Мне вдруг захотелось показать, что и я кое-что смыслю в музыке.
— Вы имеете в виду то, как он играл Шопена?
30
Владамир Пахман (1848—1933) — известный пианист; прославился блестящим исполнением произведений Шопена.
— О! Так вы знаете, о чем идет речь! — Глаза ее загорелись.
— Я однажды слушал Пахмана. В Лондоне. А вы где его слушали?
— В Германии. Это, наверное, было с полвека назад. Еще до того, как умер мой отец,— думаю, вы тогда были малым ребенком. Мой отец, отставной полковник имперской армии, был джентльменом. И фамилия у нас на самом деле двойная — Портерхаус-Смит. Он тогда увез меня в Европу — для нравственного совершенствования, представляете?

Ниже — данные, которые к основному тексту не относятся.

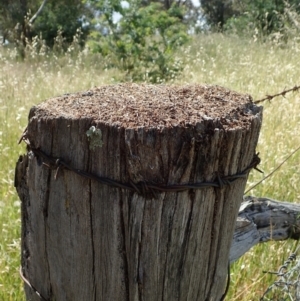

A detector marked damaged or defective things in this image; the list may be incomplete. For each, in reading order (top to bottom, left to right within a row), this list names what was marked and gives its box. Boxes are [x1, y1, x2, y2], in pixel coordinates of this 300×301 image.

splintered wood edge [29, 83, 262, 129] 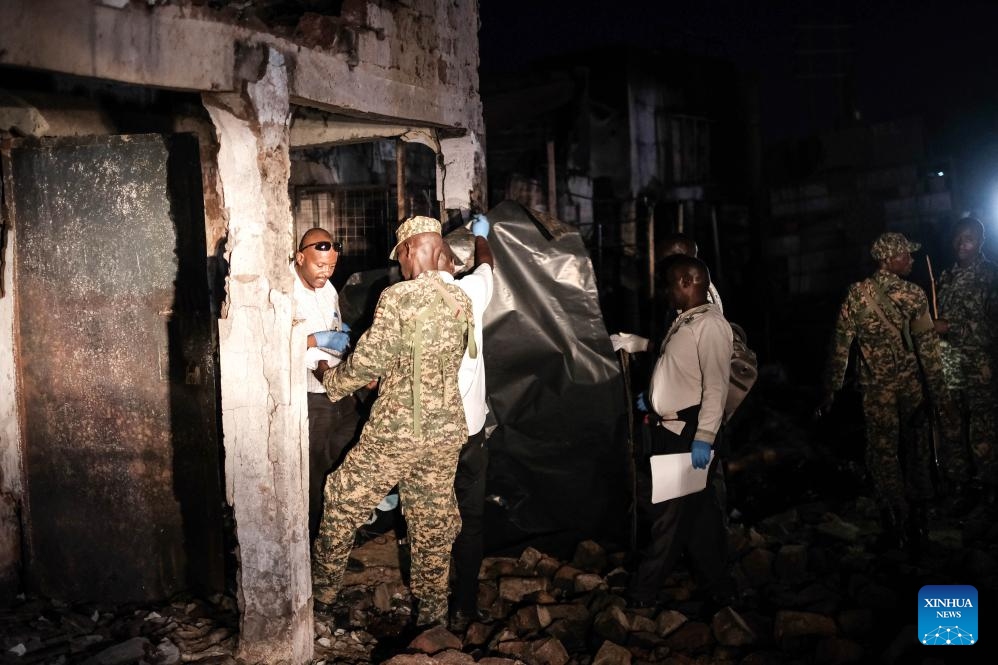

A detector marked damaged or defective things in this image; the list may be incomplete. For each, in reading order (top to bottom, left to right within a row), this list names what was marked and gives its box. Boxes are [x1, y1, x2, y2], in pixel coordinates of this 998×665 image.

damaged structure [0, 1, 484, 660]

— Господи! — Я изобразил изумление.— Неужто вы были так безнравственны?
— Я флиртовала с Клемом Клаути.
— Понятно. Хотите сказать, после того как он женился на тете Дейзи.

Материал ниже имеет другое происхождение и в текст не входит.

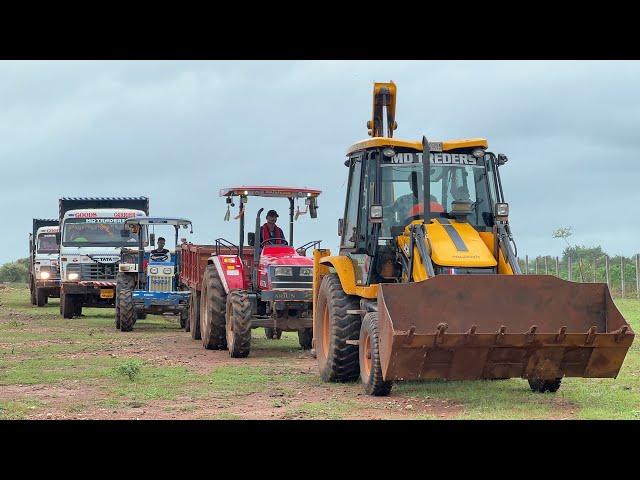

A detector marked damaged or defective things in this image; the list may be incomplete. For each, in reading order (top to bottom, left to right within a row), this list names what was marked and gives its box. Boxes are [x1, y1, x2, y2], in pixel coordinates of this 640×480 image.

rusty loader bucket [378, 276, 632, 380] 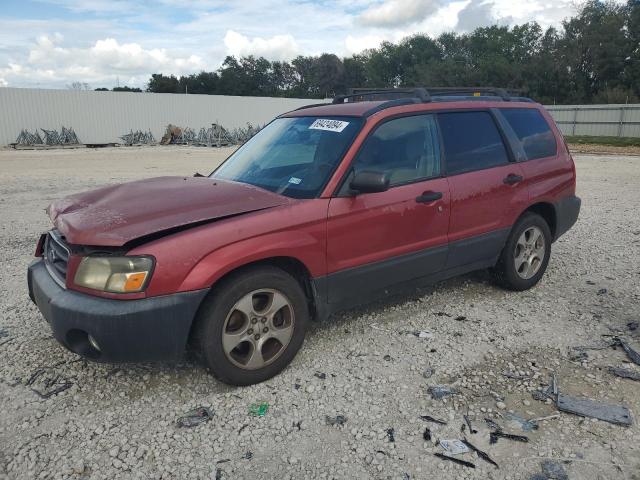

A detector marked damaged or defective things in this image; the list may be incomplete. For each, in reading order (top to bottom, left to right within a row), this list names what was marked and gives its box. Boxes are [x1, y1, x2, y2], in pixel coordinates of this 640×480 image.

dented hood [48, 175, 292, 248] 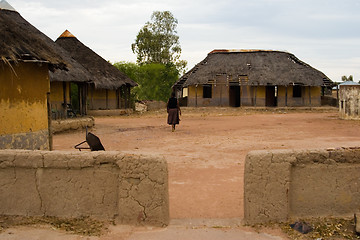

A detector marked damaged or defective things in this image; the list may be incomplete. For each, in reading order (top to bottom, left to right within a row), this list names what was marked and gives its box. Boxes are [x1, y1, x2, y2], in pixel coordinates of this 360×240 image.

cracked plaster wall [0, 150, 169, 227]
cracked plaster wall [245, 148, 360, 225] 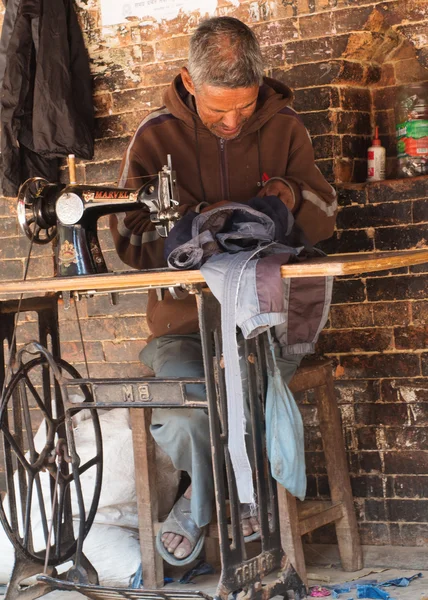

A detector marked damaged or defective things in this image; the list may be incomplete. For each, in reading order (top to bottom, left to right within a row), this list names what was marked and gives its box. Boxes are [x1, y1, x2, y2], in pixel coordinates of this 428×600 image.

torn poster on wall [101, 0, 241, 26]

— Но как так вышло, что он женился на ней? Я расскажу вам — все из-за этих добропорядочных.
Мисс Смит умолкла.
— Конечно, расскажите,— откликнулся я.
Мы уже приближались к пудингу, и легкое чувство досады развеяли сытость и бутылка отнюдь не дурного сухого вина, которое мисс Смит уговорила меня выпить с ней за компанию.

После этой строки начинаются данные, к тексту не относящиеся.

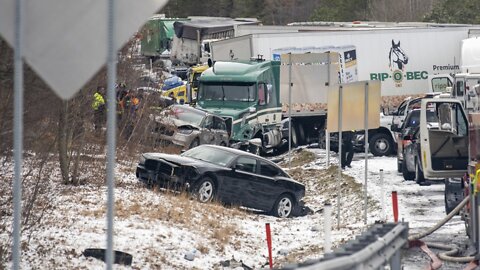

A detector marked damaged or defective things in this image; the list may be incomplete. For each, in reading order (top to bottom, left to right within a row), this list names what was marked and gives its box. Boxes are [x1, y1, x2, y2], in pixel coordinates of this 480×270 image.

— Мы с Дейзи Уиллоубай были неразлучны,— начала мисс Смит.— Разумеется, она была из добропорядочных, а я — нет. Мой отец никогда не занимался торговлей или чем-нибудь подобным, у него были деньги и собственность, и каждый день он выпивал свою бутылку вина — и не какое-нибудь дешевое бренди. В церковь он ходил лишь раз в год на пасху, и, разумеется в церковь англиканскую. Но я восхищалась Дейзи за ее характер. Ей ведь иметь характер было потруднее, чем мне,— я, в конце концов, у отца единственная дочь, вообще его единственное дитя, и отец ничего другого от меня и не ждал. Он-то сам был с характером — надо ж было противостоять врагам… только вечно забываю, в Китае или в Крыму. Кажется, он сражался с тайпинами [31] . Но в городке вроде нашего девушку с характером ничего хорошего не ждет, и Дейзи не исключение. Правда, у нас и характер-то негде было выказать, разве что в отношении к вечеринкам. Дейзи не позволяли ходить к нам на вечеринки, а она не слушалась или обманывала родителей — сейчас уж точно не скажу. Клем Клаути работал тогда в какой-то торговой конторе, не помню только какой; на наших вечеринках он играл на фортепьяно, а когда мы устраивали настоящие балы, то добывали и скрипки, и деревянные и медные духовые. Клем нередко приходил к нам попрактиковаться на рояле, так что, если отца не слишком сердил его ревматизм, вечеринки у нас выходили на славу. Я имею в виду, по тем временам и в таком городишке, как наш.
31
Участники Тайпинского восстания (1850—1864), крупнейшей крестьянской войны в Китае против династии Цин и маньчжуро-китайских помещиков, подавленной реакционной буржуазией и англо-франко-американскими интервентами.